Отправляясь в зоопарк, мы не считаем нужным отыскать какой-нибудь разговорник для перевода с французского на язык шимпанзе и обратно и не покупаем человеческо-собачий и собако-человеческий словари, когда заводим дома щенка.
Конечно, многие владельцы собак часто спрашивают ветеринаров, почему их четвероногий друг ведет себя так, а не иначе. Как правило, их интересует, каким образом можно изменить нежелательное поведение собаки, например, отучить ее лаять по любому поводу.
Однако чаще всего даже эти хозяева, хотя и выглядят несколько озадаченными, мало напоминают потерявшихся туристов или антропологов. Они чувствуют себя гораздо лучше, чем путешественники или ученые, которые заблудились в самой глуши какой-нибудь экзотической страны и пребывают в полном смятении, потому что местные жители их не понимают.
Удивительно, что при всех различиях между нами и животными мы крайне редко испытываем похожее чувство. Возможно, все дело в том, что необходимость во взаимопонимании с животными для нас не настолько важна, что ожидания, связанные с такого рода коммуникацией, гораздо менее значимы для нас, чем в тех случаях, когда речь идет о необходимости выстраивать отношения с другими людьми.
Впрочем, для данного явления можно найти и другое объяснение.
Многие владельцы собак говорят о том, что они со своим питомцем понимают друг друга с полуслова. Поэтому им не нужно изучать язык своего четвероногого друга, подобно тому как другие люди изучают английский или язык глухонемых.

В чем же состоит феномен нашего общения с животным вообще и собакой в частности?
А может быть, взаимопонимание с собакой — это не более чем фикция, иллюзия человеческого разума, который, полагая, что общается с понимающим его существом, на самом деле разговаривает с пустотой?
Чтобы ответить на этот вопрос, для начала стоит задуматься о природе общения животных между собой. Не вдаваясь в подробности, скажем, что на этот счет существует две основных гипотезы.

Первая, которую можно назвать пессимистической, состоит в том, что жесты, выражения глаз животных и издаваемые ими звуки не могут быть средством коммуникации, поскольку они слишком грубы и примитивны для передачи полноценной информации другому индивиду, способному ее понять.
Сторонники этой гипотезы считают, что животные таким способом просто выражают свое эмоциональное состояние, без какой-либо конкретной цели.
Конечно, эти действия могут вызвать реакцию со стороны других животных.
Например, когда лев обозначает свое присутствие рычанием, это не может остаться без внимания.

Да, животные способны передавать своим соплеменникам некие неопределенные сигналы.
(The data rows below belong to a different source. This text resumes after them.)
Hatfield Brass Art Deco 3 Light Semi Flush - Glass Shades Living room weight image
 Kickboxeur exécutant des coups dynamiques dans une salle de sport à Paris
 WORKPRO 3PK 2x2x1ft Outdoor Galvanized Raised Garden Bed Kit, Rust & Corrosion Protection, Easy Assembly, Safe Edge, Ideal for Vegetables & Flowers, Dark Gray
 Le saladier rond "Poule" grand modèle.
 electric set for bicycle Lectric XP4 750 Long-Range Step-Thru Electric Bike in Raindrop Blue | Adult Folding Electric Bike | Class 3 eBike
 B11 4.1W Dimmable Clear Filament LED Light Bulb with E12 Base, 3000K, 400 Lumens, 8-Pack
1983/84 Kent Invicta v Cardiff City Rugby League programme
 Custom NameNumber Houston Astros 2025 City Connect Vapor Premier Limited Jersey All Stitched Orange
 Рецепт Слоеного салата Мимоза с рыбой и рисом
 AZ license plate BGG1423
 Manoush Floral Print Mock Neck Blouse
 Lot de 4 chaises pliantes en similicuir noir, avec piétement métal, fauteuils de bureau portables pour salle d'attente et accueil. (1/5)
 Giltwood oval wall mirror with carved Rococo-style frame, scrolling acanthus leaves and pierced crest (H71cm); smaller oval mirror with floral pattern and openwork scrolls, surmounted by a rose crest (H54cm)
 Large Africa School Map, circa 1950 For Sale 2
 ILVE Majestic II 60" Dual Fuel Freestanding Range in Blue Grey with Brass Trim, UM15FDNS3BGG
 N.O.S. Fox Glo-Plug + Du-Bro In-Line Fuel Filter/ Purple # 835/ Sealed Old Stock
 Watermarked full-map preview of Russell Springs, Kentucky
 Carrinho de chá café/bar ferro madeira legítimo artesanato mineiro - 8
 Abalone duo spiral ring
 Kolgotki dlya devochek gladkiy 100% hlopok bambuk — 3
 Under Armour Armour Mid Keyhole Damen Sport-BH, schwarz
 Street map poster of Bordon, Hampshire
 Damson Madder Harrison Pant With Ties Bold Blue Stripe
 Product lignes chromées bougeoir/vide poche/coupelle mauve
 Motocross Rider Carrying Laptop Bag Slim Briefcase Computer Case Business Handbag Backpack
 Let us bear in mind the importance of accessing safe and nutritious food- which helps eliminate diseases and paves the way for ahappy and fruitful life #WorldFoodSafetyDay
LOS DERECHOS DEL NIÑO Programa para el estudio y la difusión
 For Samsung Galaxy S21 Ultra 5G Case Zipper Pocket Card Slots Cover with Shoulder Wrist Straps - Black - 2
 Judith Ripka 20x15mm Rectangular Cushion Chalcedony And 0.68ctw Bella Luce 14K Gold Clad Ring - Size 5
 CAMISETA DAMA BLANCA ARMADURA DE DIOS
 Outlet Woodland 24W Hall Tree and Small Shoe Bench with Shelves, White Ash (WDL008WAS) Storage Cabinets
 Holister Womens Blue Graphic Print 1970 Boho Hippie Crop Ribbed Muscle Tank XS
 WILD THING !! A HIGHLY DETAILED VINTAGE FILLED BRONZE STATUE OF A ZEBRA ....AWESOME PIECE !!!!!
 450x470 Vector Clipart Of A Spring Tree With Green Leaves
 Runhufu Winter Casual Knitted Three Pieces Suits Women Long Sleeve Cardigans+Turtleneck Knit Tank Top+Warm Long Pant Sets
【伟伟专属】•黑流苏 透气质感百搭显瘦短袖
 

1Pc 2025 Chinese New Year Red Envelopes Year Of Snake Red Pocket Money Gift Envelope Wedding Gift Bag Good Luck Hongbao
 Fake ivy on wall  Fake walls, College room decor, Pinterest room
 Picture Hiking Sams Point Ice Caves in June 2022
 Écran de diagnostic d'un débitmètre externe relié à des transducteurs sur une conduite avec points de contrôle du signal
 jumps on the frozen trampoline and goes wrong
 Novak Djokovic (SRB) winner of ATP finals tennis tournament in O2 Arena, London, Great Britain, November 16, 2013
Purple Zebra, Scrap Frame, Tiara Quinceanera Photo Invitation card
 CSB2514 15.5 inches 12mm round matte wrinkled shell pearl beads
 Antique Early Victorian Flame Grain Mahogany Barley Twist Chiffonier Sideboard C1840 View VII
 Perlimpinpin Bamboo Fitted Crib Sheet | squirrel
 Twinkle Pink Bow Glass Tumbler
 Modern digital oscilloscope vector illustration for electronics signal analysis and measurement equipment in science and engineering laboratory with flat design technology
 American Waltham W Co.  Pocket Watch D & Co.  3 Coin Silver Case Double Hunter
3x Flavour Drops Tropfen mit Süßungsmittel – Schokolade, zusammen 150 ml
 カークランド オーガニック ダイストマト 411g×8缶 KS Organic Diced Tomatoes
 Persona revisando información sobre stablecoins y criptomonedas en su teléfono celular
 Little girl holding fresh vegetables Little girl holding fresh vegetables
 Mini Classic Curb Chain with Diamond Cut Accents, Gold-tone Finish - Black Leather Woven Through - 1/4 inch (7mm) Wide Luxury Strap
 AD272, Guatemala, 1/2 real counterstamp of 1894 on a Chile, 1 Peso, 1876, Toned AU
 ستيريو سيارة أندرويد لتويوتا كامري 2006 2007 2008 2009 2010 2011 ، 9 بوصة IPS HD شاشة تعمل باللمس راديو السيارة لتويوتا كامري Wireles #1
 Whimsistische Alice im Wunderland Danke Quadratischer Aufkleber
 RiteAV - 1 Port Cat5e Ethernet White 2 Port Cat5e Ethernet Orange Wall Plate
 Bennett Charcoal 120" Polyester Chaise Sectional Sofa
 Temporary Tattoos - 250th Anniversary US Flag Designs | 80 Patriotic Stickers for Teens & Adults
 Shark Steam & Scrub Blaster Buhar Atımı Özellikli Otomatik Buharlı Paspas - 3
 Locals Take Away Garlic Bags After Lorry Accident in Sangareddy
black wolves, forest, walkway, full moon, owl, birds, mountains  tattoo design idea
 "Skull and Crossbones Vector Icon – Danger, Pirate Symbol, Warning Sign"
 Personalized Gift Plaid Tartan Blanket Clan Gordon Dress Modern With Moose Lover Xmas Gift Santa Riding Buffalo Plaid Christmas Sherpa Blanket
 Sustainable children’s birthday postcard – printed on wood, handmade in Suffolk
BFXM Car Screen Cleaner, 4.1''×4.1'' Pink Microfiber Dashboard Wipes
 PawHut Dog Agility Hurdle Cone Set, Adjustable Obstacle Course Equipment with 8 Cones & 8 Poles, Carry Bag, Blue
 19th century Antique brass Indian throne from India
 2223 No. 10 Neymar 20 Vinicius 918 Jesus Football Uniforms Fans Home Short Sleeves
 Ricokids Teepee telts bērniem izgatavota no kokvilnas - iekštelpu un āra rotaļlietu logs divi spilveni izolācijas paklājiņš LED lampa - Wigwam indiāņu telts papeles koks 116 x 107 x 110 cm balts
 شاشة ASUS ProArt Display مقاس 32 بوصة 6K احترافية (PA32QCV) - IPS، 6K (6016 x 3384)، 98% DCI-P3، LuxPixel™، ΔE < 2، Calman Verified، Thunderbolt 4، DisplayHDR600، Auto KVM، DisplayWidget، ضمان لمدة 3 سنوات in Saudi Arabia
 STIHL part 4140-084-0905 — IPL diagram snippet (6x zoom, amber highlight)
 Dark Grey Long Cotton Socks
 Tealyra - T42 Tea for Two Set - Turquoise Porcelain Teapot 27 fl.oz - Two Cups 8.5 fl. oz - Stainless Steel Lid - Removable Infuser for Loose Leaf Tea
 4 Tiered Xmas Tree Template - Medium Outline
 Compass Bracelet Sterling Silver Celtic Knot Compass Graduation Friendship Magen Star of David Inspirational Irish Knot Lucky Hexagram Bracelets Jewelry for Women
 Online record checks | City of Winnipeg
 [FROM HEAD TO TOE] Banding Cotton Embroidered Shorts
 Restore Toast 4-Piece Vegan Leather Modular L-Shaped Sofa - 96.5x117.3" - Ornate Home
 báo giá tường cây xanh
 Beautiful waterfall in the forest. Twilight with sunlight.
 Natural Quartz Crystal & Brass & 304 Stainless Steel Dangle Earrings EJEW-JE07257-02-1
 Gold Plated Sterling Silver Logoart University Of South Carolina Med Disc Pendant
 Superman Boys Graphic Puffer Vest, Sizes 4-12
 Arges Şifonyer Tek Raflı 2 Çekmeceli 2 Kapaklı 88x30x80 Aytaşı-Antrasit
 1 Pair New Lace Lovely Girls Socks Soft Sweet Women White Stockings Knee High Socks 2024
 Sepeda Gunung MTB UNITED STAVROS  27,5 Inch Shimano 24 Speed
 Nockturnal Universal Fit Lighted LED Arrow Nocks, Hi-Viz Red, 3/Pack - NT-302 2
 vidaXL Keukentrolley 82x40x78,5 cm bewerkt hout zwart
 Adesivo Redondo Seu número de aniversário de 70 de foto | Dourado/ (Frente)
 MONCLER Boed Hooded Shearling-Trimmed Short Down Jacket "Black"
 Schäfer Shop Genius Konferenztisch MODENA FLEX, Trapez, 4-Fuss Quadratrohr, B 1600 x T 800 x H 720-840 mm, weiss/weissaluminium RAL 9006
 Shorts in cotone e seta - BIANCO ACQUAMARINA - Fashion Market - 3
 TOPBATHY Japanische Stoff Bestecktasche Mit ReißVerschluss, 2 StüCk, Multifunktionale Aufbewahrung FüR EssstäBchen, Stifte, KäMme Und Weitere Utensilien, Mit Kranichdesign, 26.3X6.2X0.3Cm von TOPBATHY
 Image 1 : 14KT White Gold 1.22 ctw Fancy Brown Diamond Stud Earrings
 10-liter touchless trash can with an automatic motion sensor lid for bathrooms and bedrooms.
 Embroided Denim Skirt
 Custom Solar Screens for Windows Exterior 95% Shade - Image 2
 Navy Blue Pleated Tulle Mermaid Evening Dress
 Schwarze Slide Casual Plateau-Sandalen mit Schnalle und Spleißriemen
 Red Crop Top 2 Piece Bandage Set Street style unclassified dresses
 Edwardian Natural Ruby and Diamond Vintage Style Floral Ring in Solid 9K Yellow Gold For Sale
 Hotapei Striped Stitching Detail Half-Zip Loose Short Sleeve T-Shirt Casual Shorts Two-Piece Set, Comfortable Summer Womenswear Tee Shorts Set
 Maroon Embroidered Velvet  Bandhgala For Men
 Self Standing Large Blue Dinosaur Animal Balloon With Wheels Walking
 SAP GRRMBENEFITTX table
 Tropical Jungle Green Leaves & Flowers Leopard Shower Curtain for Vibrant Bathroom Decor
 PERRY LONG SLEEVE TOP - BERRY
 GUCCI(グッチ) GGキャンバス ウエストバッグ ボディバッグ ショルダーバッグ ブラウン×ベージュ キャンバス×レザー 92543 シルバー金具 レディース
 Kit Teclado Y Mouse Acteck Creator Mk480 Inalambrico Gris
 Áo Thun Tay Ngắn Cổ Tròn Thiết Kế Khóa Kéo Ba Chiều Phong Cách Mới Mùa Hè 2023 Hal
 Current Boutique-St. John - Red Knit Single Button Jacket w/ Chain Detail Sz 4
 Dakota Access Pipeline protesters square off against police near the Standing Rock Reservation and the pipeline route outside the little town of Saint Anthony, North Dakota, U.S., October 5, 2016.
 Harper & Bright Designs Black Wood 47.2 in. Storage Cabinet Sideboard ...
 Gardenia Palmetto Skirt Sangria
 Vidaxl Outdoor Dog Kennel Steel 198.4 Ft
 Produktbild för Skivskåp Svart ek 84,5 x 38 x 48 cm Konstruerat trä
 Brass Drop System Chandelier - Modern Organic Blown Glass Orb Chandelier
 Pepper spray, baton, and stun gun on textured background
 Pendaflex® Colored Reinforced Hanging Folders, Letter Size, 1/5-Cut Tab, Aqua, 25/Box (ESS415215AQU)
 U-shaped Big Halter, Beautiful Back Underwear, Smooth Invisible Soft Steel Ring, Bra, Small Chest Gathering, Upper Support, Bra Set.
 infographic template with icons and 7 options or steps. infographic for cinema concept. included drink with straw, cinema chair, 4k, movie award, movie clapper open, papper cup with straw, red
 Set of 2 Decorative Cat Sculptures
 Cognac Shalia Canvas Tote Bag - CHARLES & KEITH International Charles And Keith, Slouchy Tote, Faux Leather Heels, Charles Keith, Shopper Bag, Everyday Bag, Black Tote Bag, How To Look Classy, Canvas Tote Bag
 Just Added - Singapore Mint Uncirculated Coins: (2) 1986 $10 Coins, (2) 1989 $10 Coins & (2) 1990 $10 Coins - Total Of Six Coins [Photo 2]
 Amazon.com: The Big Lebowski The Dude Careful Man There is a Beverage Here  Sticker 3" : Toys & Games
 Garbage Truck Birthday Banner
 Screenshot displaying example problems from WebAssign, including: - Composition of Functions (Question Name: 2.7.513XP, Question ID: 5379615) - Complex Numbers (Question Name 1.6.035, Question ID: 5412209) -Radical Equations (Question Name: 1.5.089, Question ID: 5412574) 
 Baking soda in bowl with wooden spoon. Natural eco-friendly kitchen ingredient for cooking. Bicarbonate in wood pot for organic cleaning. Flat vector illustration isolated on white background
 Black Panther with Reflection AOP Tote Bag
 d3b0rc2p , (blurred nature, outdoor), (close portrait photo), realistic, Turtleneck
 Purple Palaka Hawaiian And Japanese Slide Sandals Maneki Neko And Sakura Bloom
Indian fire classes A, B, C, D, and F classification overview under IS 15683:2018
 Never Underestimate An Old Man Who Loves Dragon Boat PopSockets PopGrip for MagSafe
Однако все эти элементарные жесты и звуки не могут служить инструментом для целенаправленного сообщения мало-мальски точной информации.

Иными их словами, сигналы животных не могут представлять собой язык как средство коммуникации, единственным обладателем которого является человек.

 В этом смысле подобные действия животных более всего напоминают нашу жестикуляцию или невнятное бормотание, которое не имеет никакого определенного значения.
 Наше собственное стремление воспринимать крики птиц, лай собак или жесты обезьян как способы общения животных между собой в этом случае не более чем очередная антропоморфическая иллюзия.
 Поэтому и наше общение с собакой на самом деле всего лишь монолог, который животное просто-на-просто игнорирует.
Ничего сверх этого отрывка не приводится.